Her efforts come amid a slight revival of the U.S. footwear industry. U.S.-made footwear accounts for about 2% of the market, with the rest coming from imports, mainly Chinese, said Nate Herman, a vice president at the Arlington-based American Apparel and Footwear Association.
Two years ago, the domestic share was about 1%, he said.
U.S. employment in footwear manufacturing peaked at around 260,000 in the early 1940s, began falling sharply in the 1970s and has leveled off at about 14,000 in the past two years, according to government data.
Some people in the industry are skeptical about any major U.S. revival in making low- or midprice leather footwear, a process requiring lots of hand labor. “Unfortunately, I don’t see that as part of the future,” said Joe Russell, co-chief executive of Elan Polo International, which imports shoes from China into the U.S.

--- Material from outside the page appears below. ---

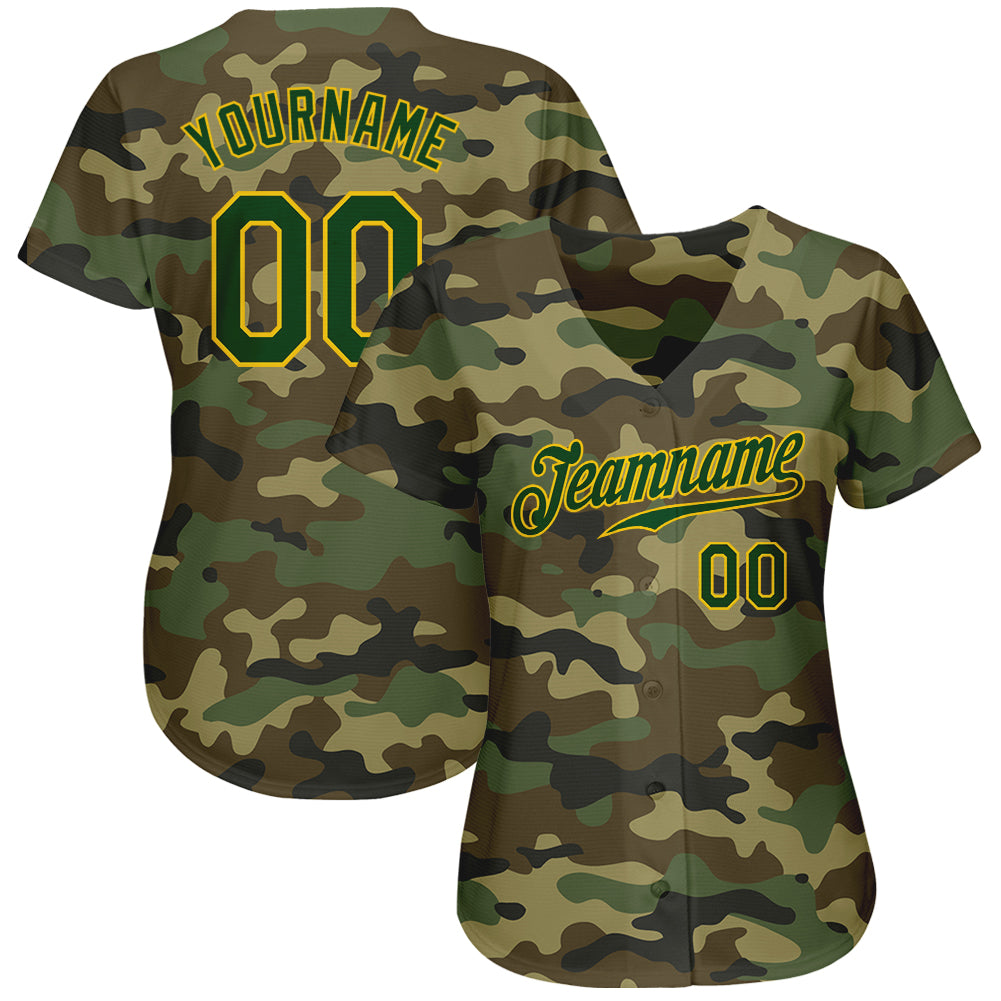 Custom Camo Green-Gold Authentic Baseball Jersey Discount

For Ms. Lee, reducing reliance on China makes sense, partly because wage and other costs there are rising fast. Ms. Lee also finds it “ridiculous” to ship U.S. cow hides to China to be tanned and then sent back across the Pacific in the form of shoes or boots. The U.S. last year exported about $1 billion of cow and horse hides to China. China transformed the hides into leather products and exported to the U.S. more than $12 billion of leather goods, including footwear, handbags and luggage.
The difficulties of reviving U.S. manufacturing include training workers and finding enough suppliers to create a more competitive market for leather, eyelets and other essentials. Shoeboxes can cost five times more in the U.S. than in China, where they are produced on far greater scale. As a result, Ms. Lee’s Made-in-U.S.A. work boots will arrive at stores in imported Chinese boxes.

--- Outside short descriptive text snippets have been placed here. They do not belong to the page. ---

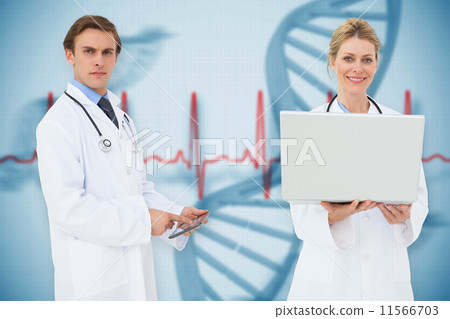 Composite image of businesswoman doing a balancing act 11566703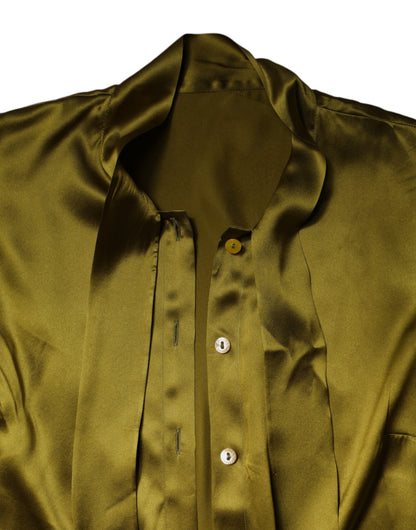Dolce &amp; Gabbana Olivgrön Ascot-krage Långärmad Blus Topp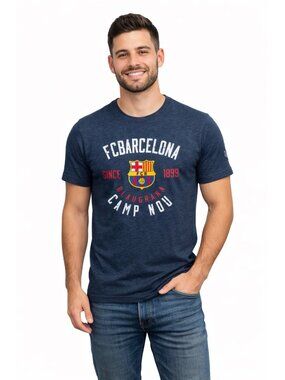 FC Barcelona T-Shirt Men's S Navy Soccer Graphic Tee Camp Nou Retro Streetwear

At first glance, Ms. Lee seems an unlikely champion of U.S. manufacturing. She grew up in Hong Kong, where her mother operated department stores selling Chinese goods, and studied economics in college there. Her first job was doing market research on Southeast Asia for a now-defunct U.S. advertising agency. She started her own footwear company in the late 1970s, when China began opening up to foreign trade.
Today, Ms. Lee has two boot factories in Tianjin and a plant in Shunde, China, that makes kitchen towels and other home textiles. She intends to keep them. Although some Chinese shoe producers have moved to lower-cost Vietnam or Bangladesh, Ms. Lee chose to open a plant in the U.S. “Closer to the market, you know what consumers want,” she said.
Her initial U.S. investment, to acquire and equip the plant in Jefferson City, is just $5 million, though she aims to double that over the next two years. For now, the plant employs only about 50 people.
None had made shoes before joining Ms. Lee’s company. Many came from a flak-jacket factory that occupied the same building. Others worked in furniture or auto parts.
Some of the workers make as little as about $9 an hour, compared with the U.S. median pay of $12.03 for shoe and leather workers. Ms. Lee said the annual income of $22,000 to $25,000 a year, including benefits, is more than double the $9,000 paid to her Chinese workers.
To keep costs low, she installed German equipment to make and attach urethane soles. An orange robot “roughs,” or scrapes, leather to prepare it for adhesion to the sole. That part of the plant is much more automated than her Chinese boot factories, which have some automated pieces of equipment but none as sophisticated as the ones in Tennessee. Ms. Lee said
Cutting and sewing leather is done manually. Footwear styles often change, and it would be prohibitively expensive to reprogram and reconfigure robots each time that happens.
For now, the workers are making practice runs for Craftsman-brand work boots due to go on sale at Sears in October. Other U.S. customers are being sought. Sears says the U.S.-made boots will retail for $130, compared with roughly $50 to $75 for many Chinese-made boots sold at discount stores, but well below the price of high-end work boots.
During her recent visit, Ms. Lee said she saw progress but wasn’t yet satisfied. One example: A steel toe had stretched a boot’s leather in a way that marred the surface.
“This is no good,” Ms. Lee said.
Paul Lloyd, a former Wolverine World Wide Inc. WWW -4.84% footwear executive who was recently named her business-development manager for the U.S., agreed more training is needed. “Really, they’re better than we are in China right now,” he said. “We’ve got a long way to go.”